Prompt →
Please return, exactly and only, the lines beginning at the top of the entries below and ending with the line containing "E-Book (epub) A"; keep out the pictures.

::::::::::

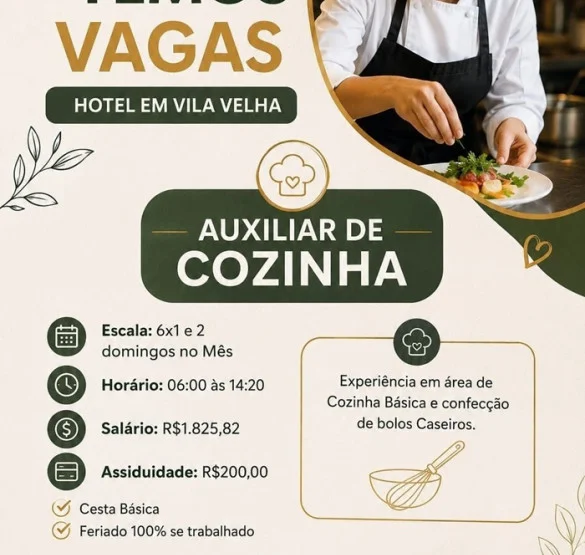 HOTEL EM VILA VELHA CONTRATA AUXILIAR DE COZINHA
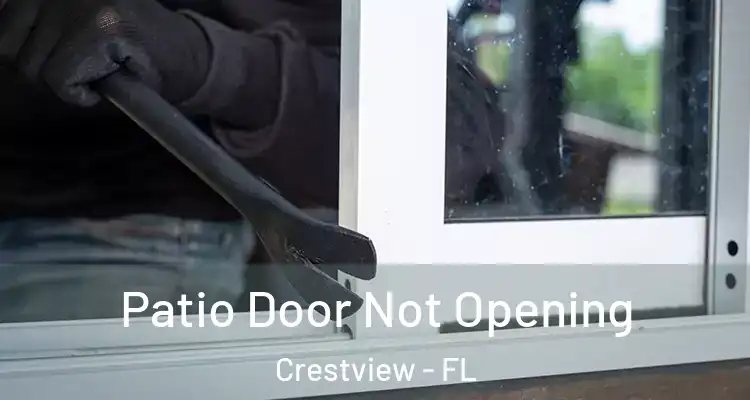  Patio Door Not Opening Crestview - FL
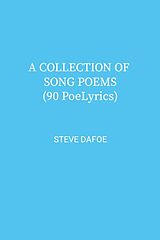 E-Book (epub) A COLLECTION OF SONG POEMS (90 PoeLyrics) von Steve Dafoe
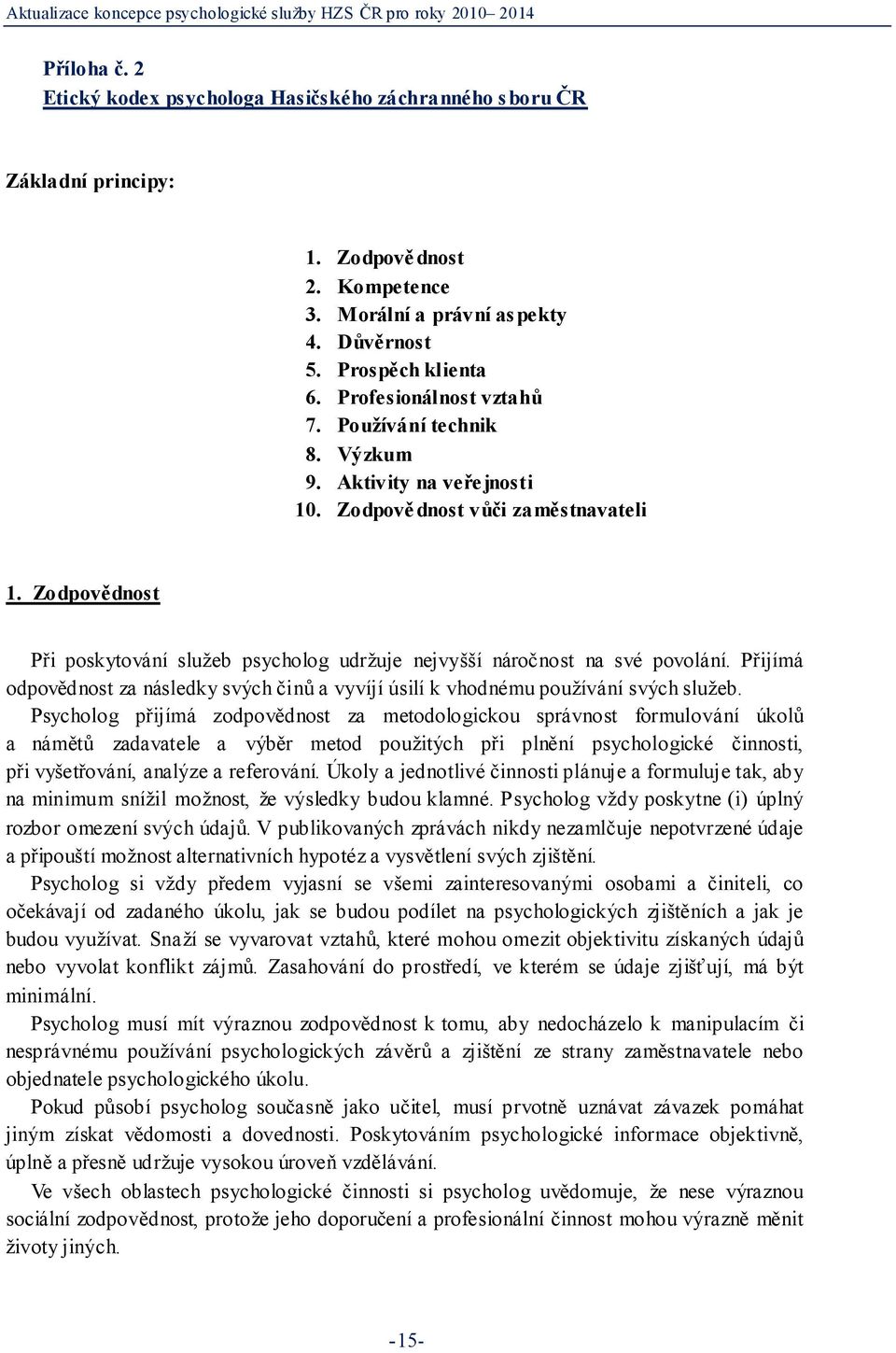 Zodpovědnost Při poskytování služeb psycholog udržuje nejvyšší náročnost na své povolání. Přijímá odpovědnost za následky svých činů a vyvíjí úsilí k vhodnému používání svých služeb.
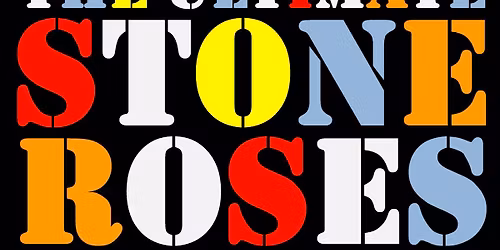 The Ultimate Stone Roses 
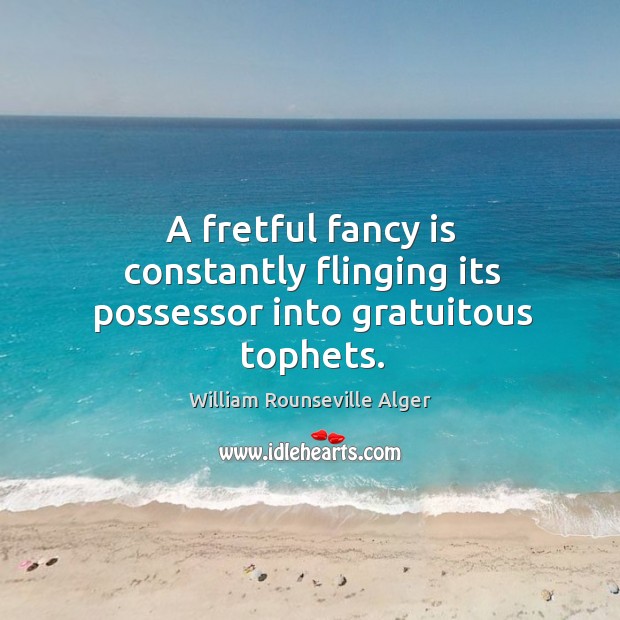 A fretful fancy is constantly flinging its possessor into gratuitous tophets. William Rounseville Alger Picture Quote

::::::::::

Answer to this task →
 HOTEL EM VILA VELHA CONTRATA AUXILIAR DE COZINHA
  Patio Door Not Opening Crestview - FL
 E-Book (epub) A COLLECTION OF SONG POEMS (90 PoeLyrics) von Steve Dafoe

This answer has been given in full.